Friday, January 14, 2011

Her eyes are open


Good for Arizona Congressperson Gabrielle Gifford: Wednesday afternoon, she opened her eyes! What's more, while she is still in critical condition, she has opened her eyes for fifteen straight minutes. I want you to understand: the odds against this physiologically traumatized doing that within the week were astronomical. If the bullet had followed most any other trajectory through her skull, she would've been lost. A head trauma recovery of these proportions---and it's nowhere close to a done deal--is enough to make the most studious surgeon begin mumbling about miracles.


I've really been sucked deeply into this story, which I've struggled to put myself too deep inside. But the misery and shock of almost a week ago were met, from the start, by the bravery of those there who stopped the shooter and of course, Daniel Hernandez, the young, new intern who probably saved her life.

I don't know why my eyes did not fill with tears at the sight of the 9/11 flag, brought from New York by a fire fighter who wished to honor...ah, this IS sad. It ties me up intellectually to ponder the perverse symmetry of Christina Green's 9/11 birth and tragic death in this shooting. She packed a lot of living into her little life. The stories of the rest of the people, the young man who was engaged, the four older people, including the fellow who died protecting his childhood sweetheart---it's all moving. But I've known enough 9 year olds to tell you, for them, you expect nothing but the future, as it should be.

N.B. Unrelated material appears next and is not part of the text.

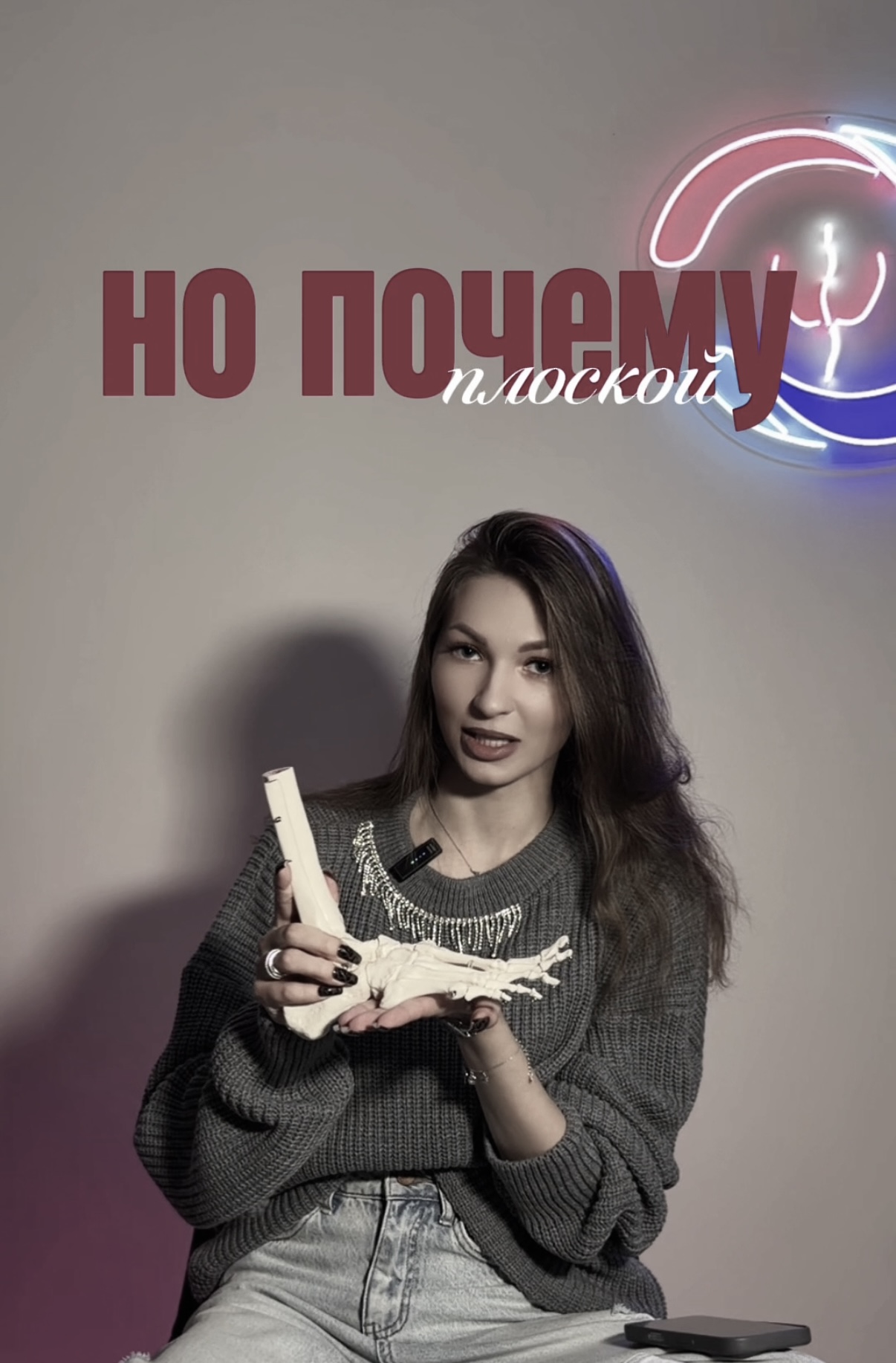 Разбор учебного материала с анатомической моделью стопы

When I think about her playing baseball, or finding out what government is and how, ideally, the adult world works out its serious, all-inclusive problems, she is only alive. I had to see the tiny, handmade coffin for myself to let the sobering thought all the way in.
Maybe the thousands who gathered along the funeral route felt that way. Maybe they felt deeply intertwined already, through tears and sympathetic thoughts of the family. God knows, my heart weeps for the shooter's parents...much less those of Christina Green, and the children of her school, about whom I can write no more without assuredly crying.

Maybe all my muses could not help but stand in reverence this week, to absorb a lock step moment in our walk through time, as for once, all of us had one scene to ponder, to bring us all together...the way we live each day, regardless of our disagreements.

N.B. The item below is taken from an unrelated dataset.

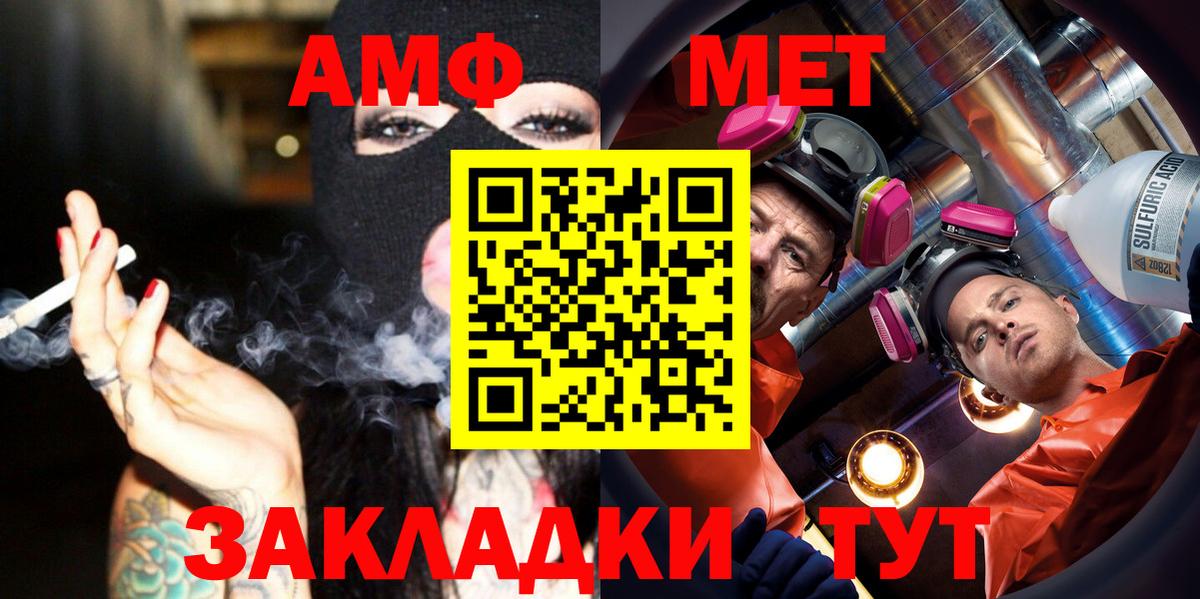 Метамфетамин кристалл Калуга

I never knew Christina, but they did a good job letting me know her. I needed her perspective to see this all clearly, to see how I'm not alone in hope, even knowing the many difficult realities of government as it exists. There is not much more I can say that wasn't best said by my President, who spoke as much as a father of his own nine-year old as the collected, dignified focal point, for one shining, sorrow-born minute, of our country. Hope comes with children; anything is yet possible. Yet we must rejuvenate our own hope with them, for them---and for ourselves.

U.S. Rep. Gabrielle Giffords opened her eyes, tracked people and objects, moved her arms and dangled her legs over the edge of her hospital bed.

U.S. Rep. Gabrielle Giffords opened her eyes, tracked people and objects, moved her arms and dangled her legs over the edge of her hospital bed.

Read more: http://www.azcentral.com/arizonarepublic/news/articles/2011/01/13/20110113gabrielle-giffords-medical-progress.html#ixzz1B0P64pI9


An early recovery is a good portent of a full recovery. I hope she's back on Capitol Hill, one day, cognizant once more, wishing her astronaut commander husband good luck on his way out of the atmosphere, hugging the strangeness out of strangers and making another lifetime of friendships. They are all we really need to light the night against the cold encroachment of mortality; its chill remains at our back, while our smiling faces ring the circle of life giving love.